EXERCISE OBJECTIVE ::
Return the lines of the material below exactly, beginning with the line that has "Businessman hand giving" in it and finishing with the line that has "普特布斯Inselgaestehaus-Erna的配有椅子、桌子和床的房间" in it. Leave all pictures aside.

EXERCISE MATERIALS ::
□ □ □ □
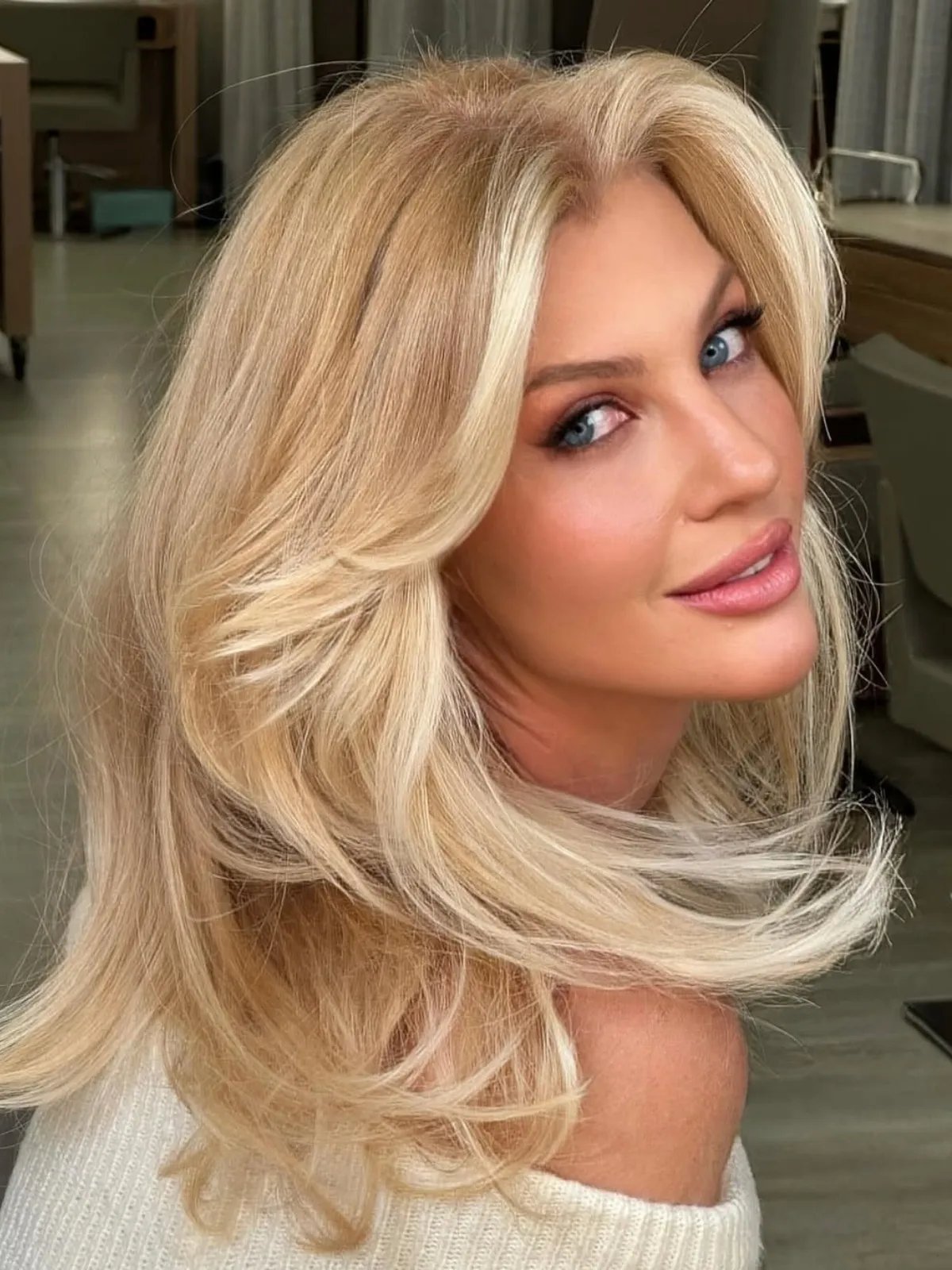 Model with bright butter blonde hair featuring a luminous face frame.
□ □ □ □
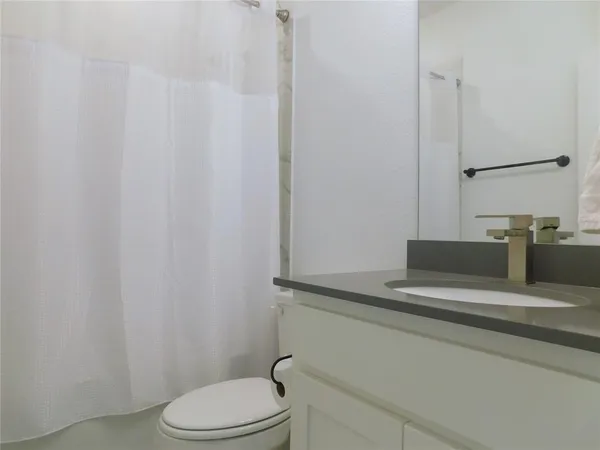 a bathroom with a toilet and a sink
□ □ □ □
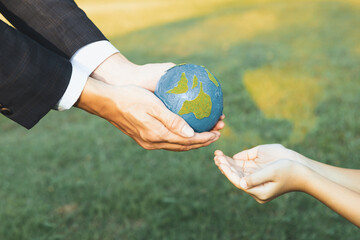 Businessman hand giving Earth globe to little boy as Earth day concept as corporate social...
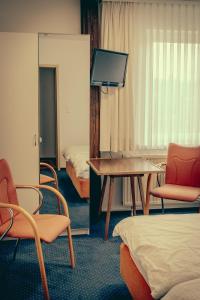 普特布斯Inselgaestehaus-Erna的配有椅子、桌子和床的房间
□ □ □ □
SOLUTION BELOW ::
 Businessman hand giving Earth globe to little boy as Earth day concept as corporate social...
 普特布斯Inselgaestehaus-Erna的配有椅子、桌子和床的房间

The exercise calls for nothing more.